6. Event notices should be filed for events specifically identified in accordance with SEC Rule 15c2-12:

    • For bonds issued after December 1, 2010, the SEC requires issuers to file event notices within 10 business days of the event.
    • For bonds issued before December 1, 2010, the rule states that governments should file event notices in a “timely manner.” However, governments are encouraged to adopt a policy to submit all event notices within 10 business days of the event to prevent any confusion regarding timeliness.

    7. Issuers may be expected to include language in their Official Statements for new bond issues regarding any material non-compliance with continuing disclosure requirements within the past five years.  Issuers should consult carefully with bond counsel and their municipal advisor regarding appropriate language to include in this primary disclosure, which is heavily subject to regulatory scrutiny.

    Governments, in consultation with internal and external counsel, may wish to submit other financial information to EMMA (and post it on their websites) that goes beyond the minimum requirements in the CDA.  Issuers who choose to disclose information above and beyond the minimum requirements in a CDA should consider the following:

    1. Types of additional information to be disclosed may include annual budgets, financial plans, financial materials sent to governing bodies for council or board meetings, monthly financial summaries, investment information, and economic and revenue forecasts. Governments are encouraged to place this additional or interim financial information on the investor section of their websites, including use of a feature within EMMA that allows governments to post a link directly to their website so that investors and the public can directly access the information.

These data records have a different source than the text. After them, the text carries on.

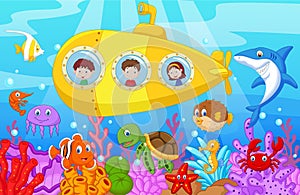 Happy kids cartoon in submarine on the sea photo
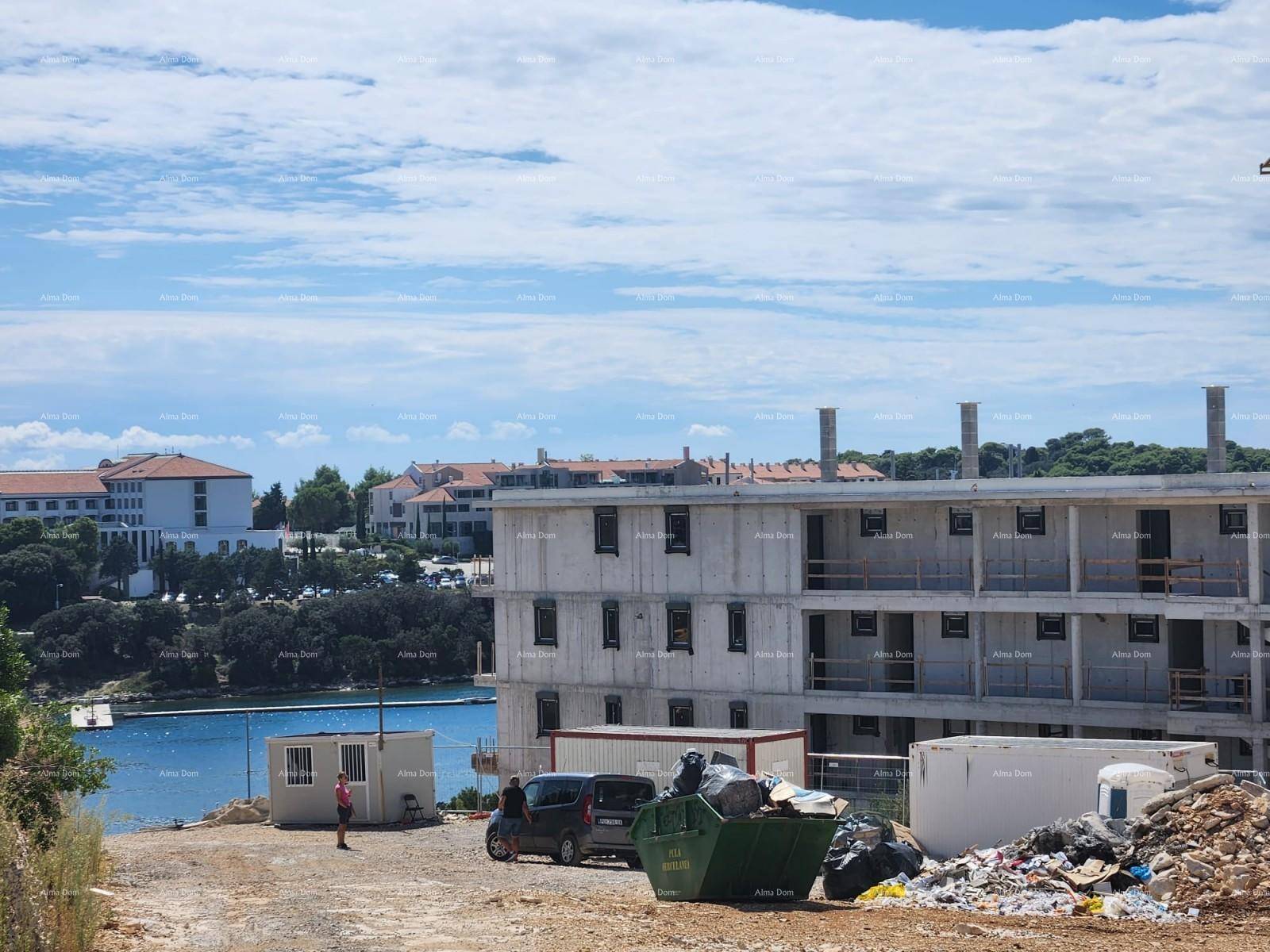Baustelle mit unfertigen Gebäuden und Blick auf das Meer, im Vordergrund ein Müllcontainer.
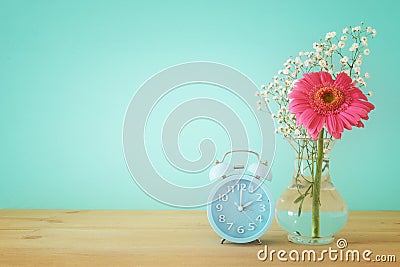 Image of spring Time Change. Summer back concept. Vintage alarm Clock over wooden table. Stock Photo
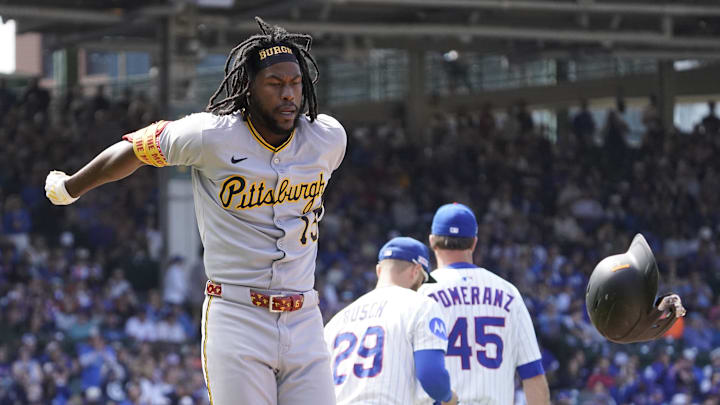 Jun 14, 2025; Chicago, Illinois, USA; Pittsburgh Pirates outfielder Oneil Cruz (15) throws his helmet after making the final out against the Chicago Cubs during the ninth inning at Wrigley Field. Mandatory Credit: David Banks-Imagn Images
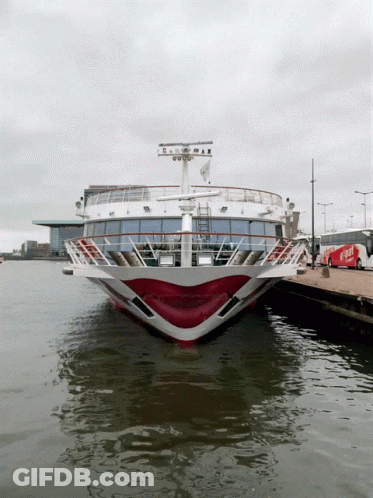 A Red And White Cruise Ship Is Docked At A Pier GIF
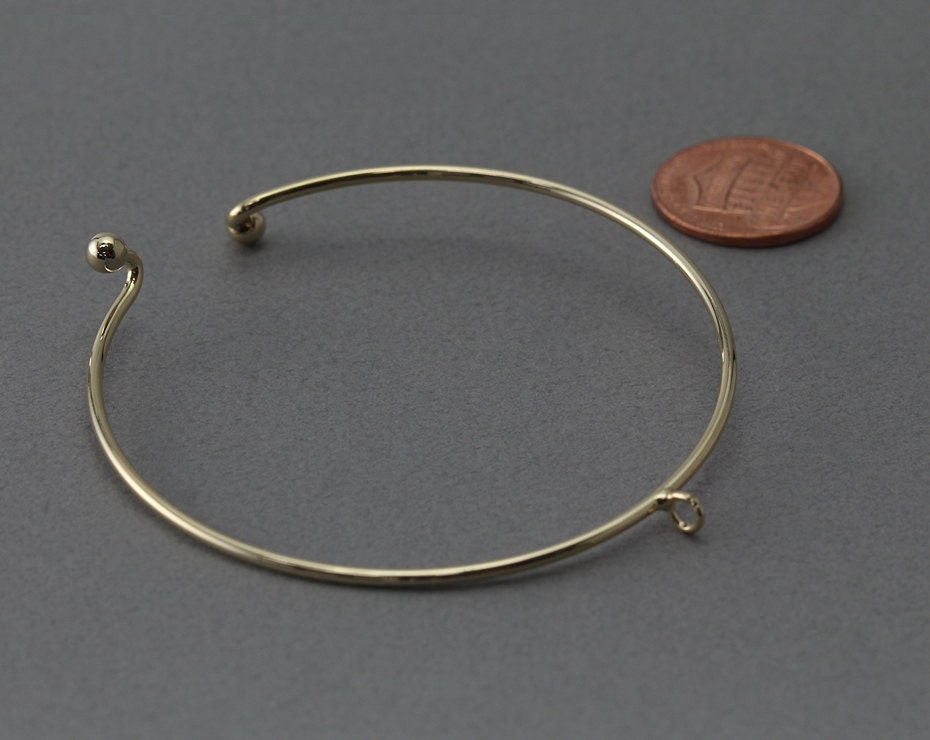 Bracciale rigido in oro massiccio: cinturino regolabile con filo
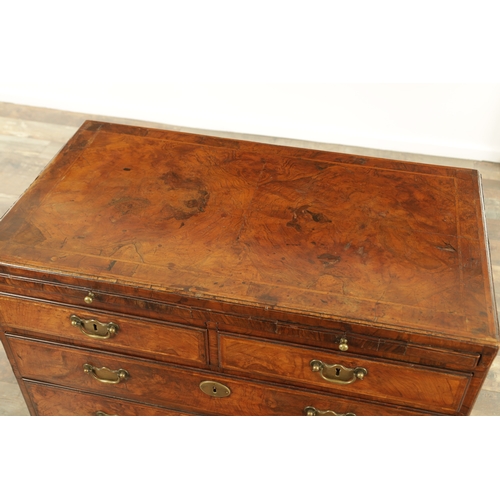 1399 - A GEORGE I FIGURED WALNUT BACHELORS CHEST with quarter veneered cross-banded caddy top above a brush... 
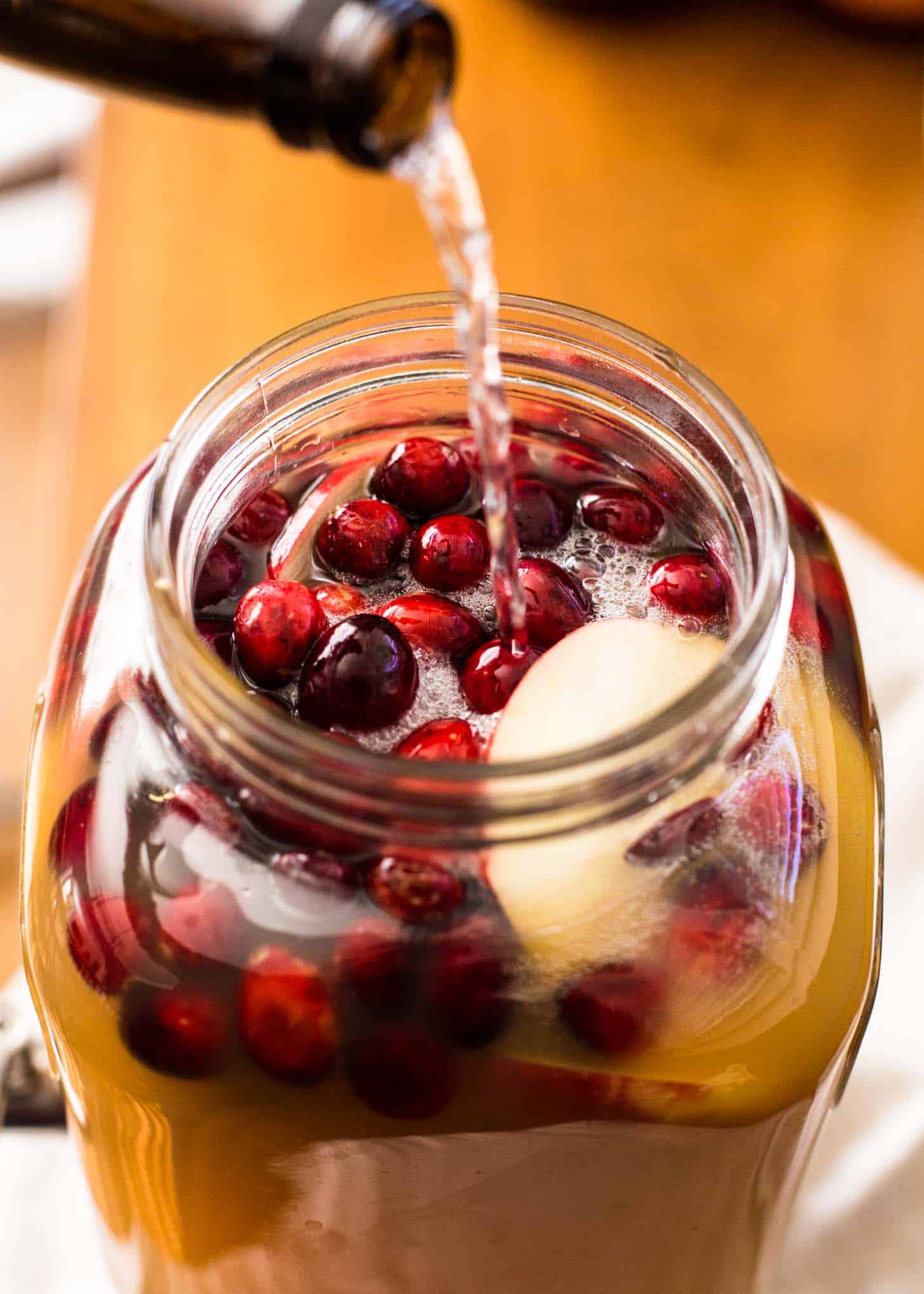 Pouring Apple Cider Punch with Bourbon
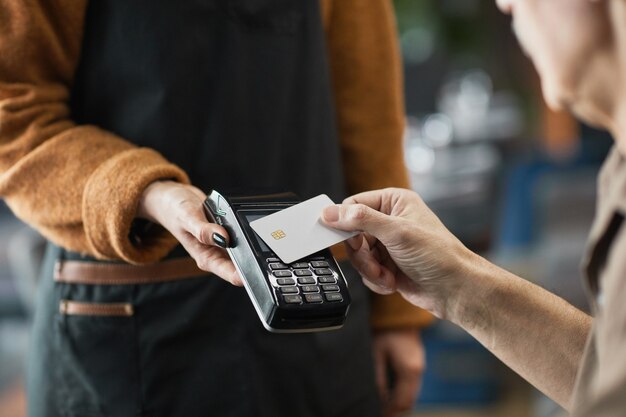 Primo piano del cliente del bar che mette la carta di credito con NFC sul terminale tenuto dalla cameriera mentre paga il pranzo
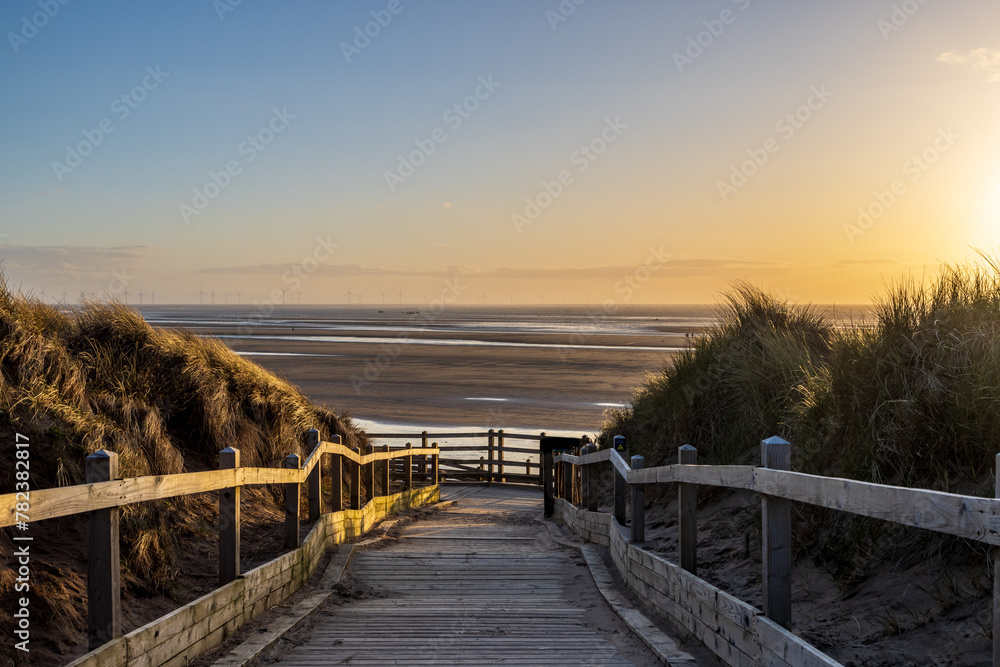 A walkway leading to the beach, with a sunset sky overhead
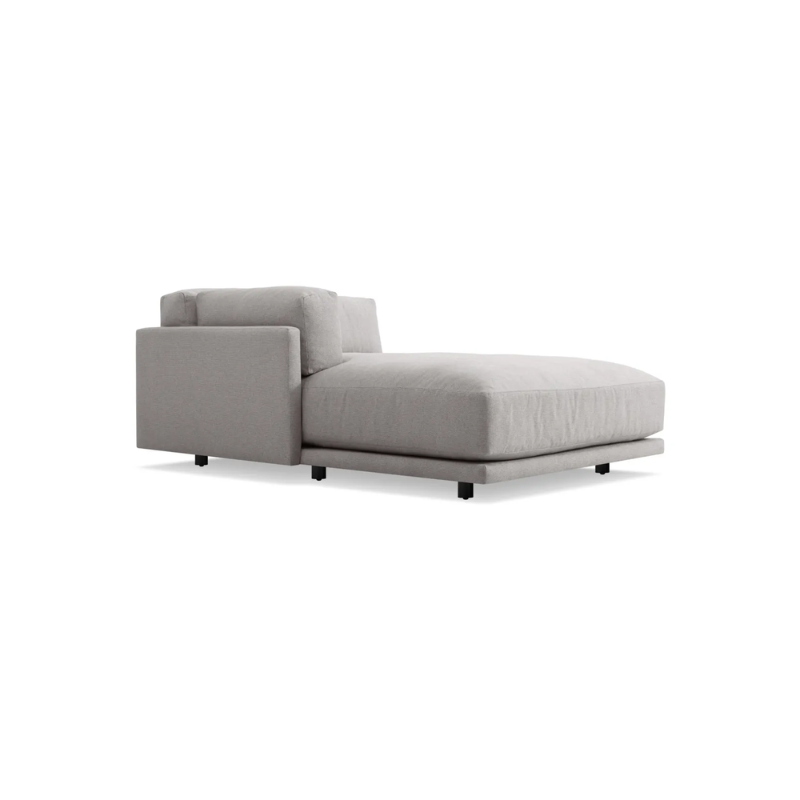The left Sunday Chaise by Blu Dot in agnew grey from a side angle.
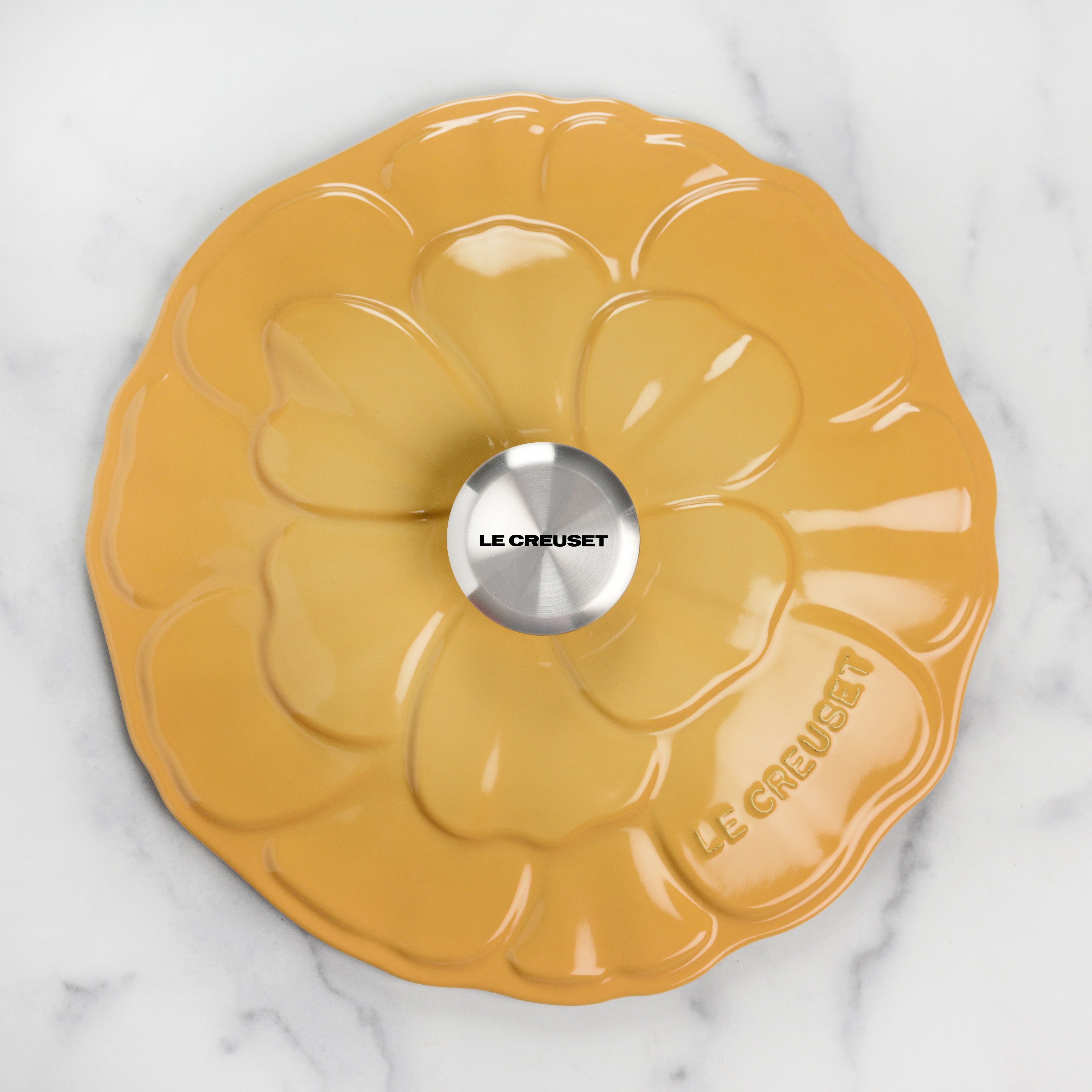 Le Creuset enamel cast iron braiser with lid on a kitchen countertop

    2. Issuers may want to provide additional information to investors about other debt-related agreements.  Rating agencies and investors may expect these disclosures to be publicly communicated, and issuers are advised of the benefits of providing this additional voluntary disclosure. These disclosures should provide information that will enable investors to make judgments about the volatility and risk exposure of agreements that may include financial risks that should be disclosed and quantified. Examples of agreements for which voluntary disclosure is recommended include:

      • Direct placements, loans, lines of credit or other credit arrangements with private lenders or commercial banks.  Example of the type of information to be disclosed include an interest rate or debt service schedule, legal security pledge, legal covenants, call options and other key terms.
      • Letters of credit issued in connection with variable rate debt issuance;
      • Interest rate swaps entered into in connection with debt issuance;
      • Investment agreements for bond proceeds, including reserve funds, particularly where such investments may be pledged or anticipated bond security; and
      • Insurance sureties used to fund reserve fund requirements.

      Any sensitive information (such as bank accounts and wire information) should be redacted from documents prior to posting.

      3. Legal and regulatory implications of voluntary postings remain uncertain.  Issuers should consult with bond counsel and their municipal advisor to determine the best strategy to support the market benefits of additional communication without harming the issuer’s ability to meet regulatory expectations.

      Upon implementation of a formal set of continuing disclosure policies and procedures, issuers should also take steps to ensure standards are being diligently followed.  Continuing disclosure policies and practices should be periodically reviewed to ensure consistency with market and regulatory expectations.